**Task description**
Filter the records below and copy every line containing the word "Пиво".

**Short descriptive text snippets**
━━━━━━━━━━━━━━━━━━━━━━━━━━━━━━

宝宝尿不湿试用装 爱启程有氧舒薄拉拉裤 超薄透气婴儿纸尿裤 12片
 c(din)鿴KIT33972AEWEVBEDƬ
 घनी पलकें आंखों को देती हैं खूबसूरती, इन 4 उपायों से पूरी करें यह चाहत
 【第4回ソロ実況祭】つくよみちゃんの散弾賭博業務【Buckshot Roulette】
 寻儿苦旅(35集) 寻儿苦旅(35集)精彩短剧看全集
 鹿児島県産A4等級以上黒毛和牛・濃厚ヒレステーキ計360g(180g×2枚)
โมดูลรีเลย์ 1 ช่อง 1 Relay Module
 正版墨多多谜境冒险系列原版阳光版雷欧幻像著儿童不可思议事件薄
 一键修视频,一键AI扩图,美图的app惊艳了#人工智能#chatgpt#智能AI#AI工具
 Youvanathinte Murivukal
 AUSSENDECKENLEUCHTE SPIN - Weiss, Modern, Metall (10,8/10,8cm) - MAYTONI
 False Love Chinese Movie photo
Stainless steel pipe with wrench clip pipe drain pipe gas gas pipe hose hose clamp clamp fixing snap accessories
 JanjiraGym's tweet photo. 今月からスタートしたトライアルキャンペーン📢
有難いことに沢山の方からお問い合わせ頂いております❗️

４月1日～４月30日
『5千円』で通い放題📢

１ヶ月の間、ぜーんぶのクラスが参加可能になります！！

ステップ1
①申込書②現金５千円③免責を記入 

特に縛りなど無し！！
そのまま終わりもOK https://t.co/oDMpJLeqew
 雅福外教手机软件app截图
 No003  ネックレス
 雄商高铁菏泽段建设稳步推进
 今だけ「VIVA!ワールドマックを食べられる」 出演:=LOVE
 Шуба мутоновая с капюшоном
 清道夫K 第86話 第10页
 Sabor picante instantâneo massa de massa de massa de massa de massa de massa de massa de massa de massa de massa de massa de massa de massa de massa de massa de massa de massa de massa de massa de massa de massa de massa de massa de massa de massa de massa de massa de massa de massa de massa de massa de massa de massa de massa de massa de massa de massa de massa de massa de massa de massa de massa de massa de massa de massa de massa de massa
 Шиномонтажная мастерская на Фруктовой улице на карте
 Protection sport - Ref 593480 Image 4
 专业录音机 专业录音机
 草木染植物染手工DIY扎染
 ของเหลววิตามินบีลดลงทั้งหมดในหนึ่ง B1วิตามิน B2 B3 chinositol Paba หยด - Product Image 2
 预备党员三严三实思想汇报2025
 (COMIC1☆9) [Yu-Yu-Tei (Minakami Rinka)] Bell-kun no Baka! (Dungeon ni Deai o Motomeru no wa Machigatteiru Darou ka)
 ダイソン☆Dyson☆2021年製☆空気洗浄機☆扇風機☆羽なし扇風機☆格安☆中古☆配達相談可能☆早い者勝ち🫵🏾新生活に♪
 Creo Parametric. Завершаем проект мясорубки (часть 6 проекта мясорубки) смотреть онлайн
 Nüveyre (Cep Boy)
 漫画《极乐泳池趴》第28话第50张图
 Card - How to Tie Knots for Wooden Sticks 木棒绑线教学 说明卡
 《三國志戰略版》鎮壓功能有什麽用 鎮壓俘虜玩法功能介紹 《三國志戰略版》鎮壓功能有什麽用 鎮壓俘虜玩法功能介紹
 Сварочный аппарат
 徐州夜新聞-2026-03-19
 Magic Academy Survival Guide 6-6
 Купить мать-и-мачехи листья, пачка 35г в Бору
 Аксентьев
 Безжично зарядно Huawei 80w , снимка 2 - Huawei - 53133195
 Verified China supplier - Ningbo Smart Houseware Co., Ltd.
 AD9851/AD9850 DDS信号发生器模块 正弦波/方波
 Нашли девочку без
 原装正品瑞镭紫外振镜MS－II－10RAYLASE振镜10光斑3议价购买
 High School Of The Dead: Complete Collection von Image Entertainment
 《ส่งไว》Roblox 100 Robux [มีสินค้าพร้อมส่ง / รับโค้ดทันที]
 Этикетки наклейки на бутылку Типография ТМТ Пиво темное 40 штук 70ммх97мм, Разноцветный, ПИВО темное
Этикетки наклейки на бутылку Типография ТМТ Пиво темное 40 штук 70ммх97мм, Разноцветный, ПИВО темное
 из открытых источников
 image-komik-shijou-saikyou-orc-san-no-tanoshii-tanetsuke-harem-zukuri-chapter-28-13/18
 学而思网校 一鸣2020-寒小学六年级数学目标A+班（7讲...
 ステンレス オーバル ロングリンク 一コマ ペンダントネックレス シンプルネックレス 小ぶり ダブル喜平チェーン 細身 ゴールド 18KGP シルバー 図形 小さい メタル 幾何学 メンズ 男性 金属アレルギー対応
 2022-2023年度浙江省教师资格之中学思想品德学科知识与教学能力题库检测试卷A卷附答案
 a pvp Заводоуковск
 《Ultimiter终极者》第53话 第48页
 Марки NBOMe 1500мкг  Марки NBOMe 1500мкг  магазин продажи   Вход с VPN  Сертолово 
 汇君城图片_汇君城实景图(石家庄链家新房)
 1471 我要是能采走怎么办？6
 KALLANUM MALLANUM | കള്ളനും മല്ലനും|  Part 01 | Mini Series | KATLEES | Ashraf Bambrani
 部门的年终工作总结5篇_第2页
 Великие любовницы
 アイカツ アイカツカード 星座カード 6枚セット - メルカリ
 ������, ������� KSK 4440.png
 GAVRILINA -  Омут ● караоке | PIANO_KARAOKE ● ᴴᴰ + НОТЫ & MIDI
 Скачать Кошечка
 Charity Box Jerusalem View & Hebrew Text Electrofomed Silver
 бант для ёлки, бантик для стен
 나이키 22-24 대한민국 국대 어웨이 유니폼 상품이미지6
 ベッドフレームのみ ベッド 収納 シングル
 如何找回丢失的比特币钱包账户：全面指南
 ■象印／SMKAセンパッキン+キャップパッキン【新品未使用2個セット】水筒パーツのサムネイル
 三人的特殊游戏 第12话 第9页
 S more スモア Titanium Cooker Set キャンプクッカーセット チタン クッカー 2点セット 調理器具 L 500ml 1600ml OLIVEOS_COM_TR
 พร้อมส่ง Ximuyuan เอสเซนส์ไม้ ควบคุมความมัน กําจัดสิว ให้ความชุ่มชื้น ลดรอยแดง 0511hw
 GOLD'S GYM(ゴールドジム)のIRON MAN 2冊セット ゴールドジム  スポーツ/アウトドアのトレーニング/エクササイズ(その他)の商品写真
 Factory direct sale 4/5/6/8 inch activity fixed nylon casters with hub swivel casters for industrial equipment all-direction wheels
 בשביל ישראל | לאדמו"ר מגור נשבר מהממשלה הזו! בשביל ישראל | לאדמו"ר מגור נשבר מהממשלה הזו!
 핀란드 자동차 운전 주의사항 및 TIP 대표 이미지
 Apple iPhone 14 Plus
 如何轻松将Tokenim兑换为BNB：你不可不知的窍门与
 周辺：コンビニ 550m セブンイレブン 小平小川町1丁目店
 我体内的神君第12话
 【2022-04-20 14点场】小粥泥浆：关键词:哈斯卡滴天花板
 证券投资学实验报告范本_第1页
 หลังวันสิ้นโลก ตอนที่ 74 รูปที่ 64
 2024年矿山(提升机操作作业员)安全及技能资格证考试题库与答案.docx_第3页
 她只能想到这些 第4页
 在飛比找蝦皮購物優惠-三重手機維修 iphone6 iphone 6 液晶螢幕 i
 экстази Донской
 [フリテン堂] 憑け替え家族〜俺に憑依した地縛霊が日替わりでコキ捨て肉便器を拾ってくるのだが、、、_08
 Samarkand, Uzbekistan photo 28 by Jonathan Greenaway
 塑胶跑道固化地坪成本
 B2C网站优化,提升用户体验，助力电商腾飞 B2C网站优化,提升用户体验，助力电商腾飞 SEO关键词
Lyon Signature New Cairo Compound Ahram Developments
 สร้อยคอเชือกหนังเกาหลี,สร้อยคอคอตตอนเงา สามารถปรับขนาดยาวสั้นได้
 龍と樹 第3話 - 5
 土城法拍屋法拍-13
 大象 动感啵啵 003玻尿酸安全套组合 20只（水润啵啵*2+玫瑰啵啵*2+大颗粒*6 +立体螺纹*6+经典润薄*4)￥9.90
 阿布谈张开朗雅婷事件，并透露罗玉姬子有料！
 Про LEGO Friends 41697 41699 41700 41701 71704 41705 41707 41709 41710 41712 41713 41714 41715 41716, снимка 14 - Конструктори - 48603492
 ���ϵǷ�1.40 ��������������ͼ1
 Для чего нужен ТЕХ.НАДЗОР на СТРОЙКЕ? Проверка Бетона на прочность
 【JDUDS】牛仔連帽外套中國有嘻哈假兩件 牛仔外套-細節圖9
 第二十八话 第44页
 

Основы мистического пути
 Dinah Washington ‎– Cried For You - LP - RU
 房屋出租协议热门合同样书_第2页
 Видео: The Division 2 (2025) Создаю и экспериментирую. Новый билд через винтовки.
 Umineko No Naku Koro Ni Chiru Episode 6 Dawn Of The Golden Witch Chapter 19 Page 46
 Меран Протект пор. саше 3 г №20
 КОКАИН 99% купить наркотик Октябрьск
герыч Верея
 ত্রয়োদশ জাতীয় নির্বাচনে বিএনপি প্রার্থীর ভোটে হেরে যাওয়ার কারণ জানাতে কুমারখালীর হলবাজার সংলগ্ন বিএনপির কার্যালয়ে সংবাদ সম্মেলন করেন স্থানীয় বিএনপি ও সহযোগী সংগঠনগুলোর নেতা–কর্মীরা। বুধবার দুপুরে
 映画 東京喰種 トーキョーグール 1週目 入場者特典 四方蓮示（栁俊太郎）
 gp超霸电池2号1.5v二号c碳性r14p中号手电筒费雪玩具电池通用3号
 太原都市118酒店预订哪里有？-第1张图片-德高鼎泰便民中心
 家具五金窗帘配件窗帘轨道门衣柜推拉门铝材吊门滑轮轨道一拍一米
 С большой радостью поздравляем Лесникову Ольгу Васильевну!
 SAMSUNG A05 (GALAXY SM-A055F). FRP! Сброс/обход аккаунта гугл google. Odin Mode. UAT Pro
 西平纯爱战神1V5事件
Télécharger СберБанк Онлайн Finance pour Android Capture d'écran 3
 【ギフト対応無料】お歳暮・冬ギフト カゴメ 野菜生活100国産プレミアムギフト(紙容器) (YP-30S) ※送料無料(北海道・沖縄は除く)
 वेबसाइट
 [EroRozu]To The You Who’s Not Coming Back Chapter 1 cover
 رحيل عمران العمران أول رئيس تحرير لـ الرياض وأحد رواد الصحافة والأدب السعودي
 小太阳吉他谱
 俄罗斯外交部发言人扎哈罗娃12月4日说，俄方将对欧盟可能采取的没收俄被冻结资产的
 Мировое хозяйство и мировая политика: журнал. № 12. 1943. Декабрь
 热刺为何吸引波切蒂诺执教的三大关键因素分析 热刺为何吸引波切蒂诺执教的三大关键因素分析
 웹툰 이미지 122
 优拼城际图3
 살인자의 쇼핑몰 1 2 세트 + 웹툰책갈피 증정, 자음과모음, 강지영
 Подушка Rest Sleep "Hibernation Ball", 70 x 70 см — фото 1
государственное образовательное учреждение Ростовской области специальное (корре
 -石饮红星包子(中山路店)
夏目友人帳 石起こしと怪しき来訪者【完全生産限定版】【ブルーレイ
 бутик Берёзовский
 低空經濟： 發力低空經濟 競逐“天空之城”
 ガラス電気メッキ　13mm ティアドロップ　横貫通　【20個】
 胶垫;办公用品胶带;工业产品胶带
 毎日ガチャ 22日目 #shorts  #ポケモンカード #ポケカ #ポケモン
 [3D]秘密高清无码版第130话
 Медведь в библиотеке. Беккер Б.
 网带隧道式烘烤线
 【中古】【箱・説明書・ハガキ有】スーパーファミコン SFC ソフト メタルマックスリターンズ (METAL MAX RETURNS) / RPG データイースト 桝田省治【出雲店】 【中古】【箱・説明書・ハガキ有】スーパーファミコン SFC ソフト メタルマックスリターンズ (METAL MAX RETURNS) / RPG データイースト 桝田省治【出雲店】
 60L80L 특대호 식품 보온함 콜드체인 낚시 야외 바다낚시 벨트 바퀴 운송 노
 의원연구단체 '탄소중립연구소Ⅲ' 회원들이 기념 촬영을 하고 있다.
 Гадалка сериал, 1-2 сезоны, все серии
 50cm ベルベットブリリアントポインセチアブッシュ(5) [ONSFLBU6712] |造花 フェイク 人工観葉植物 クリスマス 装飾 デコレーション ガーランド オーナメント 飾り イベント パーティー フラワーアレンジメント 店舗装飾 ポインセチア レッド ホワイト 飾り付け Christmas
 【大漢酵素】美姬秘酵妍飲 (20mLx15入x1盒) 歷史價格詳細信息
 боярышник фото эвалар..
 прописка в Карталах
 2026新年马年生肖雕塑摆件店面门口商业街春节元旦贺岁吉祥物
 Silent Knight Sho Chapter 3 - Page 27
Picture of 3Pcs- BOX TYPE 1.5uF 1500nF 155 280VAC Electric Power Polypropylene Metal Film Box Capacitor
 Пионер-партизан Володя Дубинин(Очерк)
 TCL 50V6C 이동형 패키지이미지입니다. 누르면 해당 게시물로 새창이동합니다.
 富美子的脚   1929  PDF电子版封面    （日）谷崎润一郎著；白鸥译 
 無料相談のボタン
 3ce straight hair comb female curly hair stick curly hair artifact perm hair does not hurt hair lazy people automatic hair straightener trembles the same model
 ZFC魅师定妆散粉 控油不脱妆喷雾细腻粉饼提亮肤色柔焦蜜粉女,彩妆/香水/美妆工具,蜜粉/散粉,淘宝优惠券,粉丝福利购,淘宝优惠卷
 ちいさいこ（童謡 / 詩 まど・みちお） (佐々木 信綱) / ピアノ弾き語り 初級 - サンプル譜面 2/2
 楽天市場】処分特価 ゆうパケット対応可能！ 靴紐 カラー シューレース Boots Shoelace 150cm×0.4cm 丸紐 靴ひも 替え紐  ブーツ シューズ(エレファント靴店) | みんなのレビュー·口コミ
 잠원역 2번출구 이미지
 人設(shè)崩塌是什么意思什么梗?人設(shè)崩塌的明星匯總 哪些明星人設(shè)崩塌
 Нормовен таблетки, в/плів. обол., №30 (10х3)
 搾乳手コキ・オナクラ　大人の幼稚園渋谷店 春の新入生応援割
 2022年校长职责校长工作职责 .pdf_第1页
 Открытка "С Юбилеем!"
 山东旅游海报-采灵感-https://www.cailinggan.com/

━━━━━━━━━━━━━━━━━━━━━━━━━━━━━━

**Output of the task**
 Этикетки наклейки на бутылку Типография ТМТ Пиво темное 40 штук 70ммх97мм, Разноцветный, ПИВО темное
Этикетки наклейки на бутылку Типография ТМТ Пиво темное 40 штук 70ммх97мм, Разноцветный, ПИВО темное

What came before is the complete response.